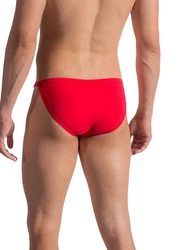 Olaf Benz Badehose BLU1200 Beachtanga (1) Blau (1200)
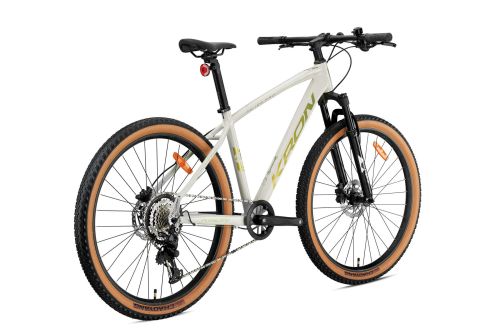 KRON XC 150 PRO 27,5 JANT MTB - 15' - 9 Vites - H.Disc - Mat Bej/Gri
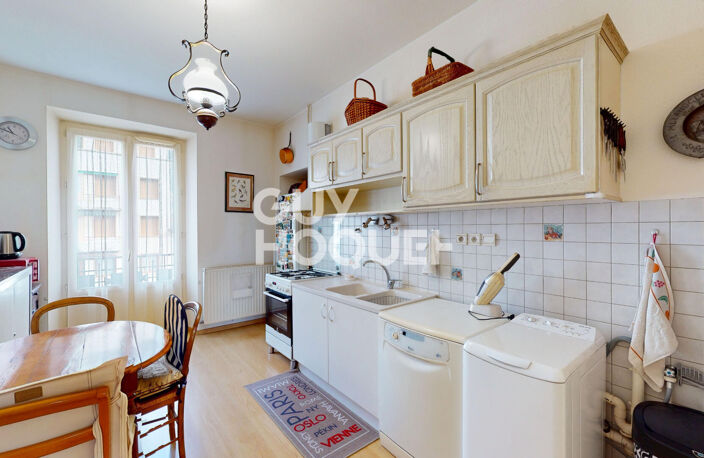 appartement — photo 3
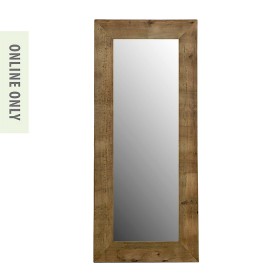 Ecoanthology-Recycled-Pine-Mirror on sale
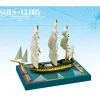 Board Games>Sails of Glory: San Agustin 1768/Bahama 1783 - Your Source for Gaming Essentials
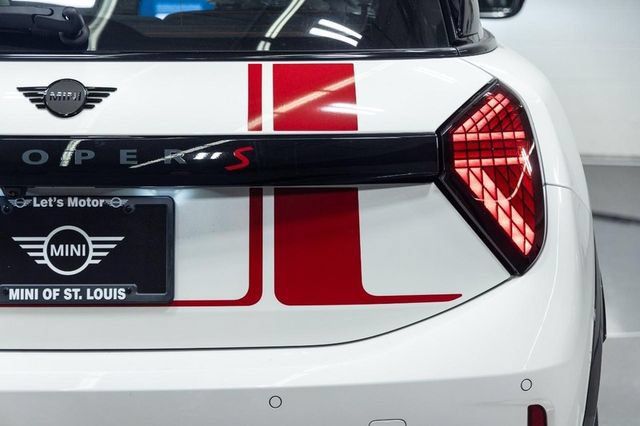 New 2027 MINI Cooper S FWD image 8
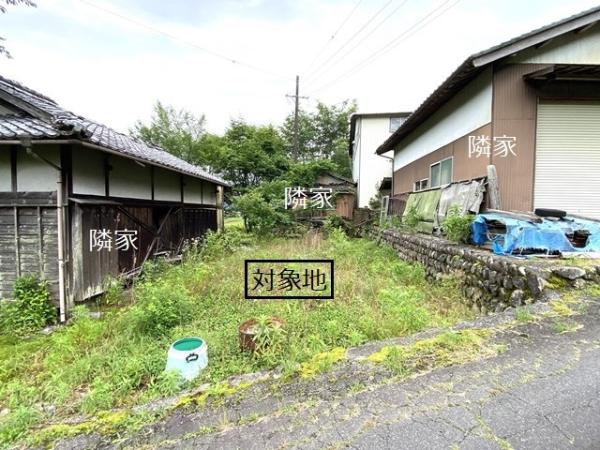 detached 付知町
━━━━━━━━━━━━━━━━━━━━━━━━━━━━━━
How to complete this task> Every line of the material above should be repeated exactly, except for the pictures.

Result of the task>
 Olaf Benz Badehose BLU1200 Beachtanga (1) Blau (1200)
 KRON XC 150 PRO 27,5 JANT MTB - 15' - 9 Vites - H.Disc - Mat Bej/Gri
 appartement — photo 3
 Ecoanthology-Recycled-Pine-Mirror on sale
 Board Games>Sails of Glory: San Agustin 1768/Bahama 1783 - Your Source for Gaming Essentials
 New 2027 MINI Cooper S FWD image 8
 detached 付知町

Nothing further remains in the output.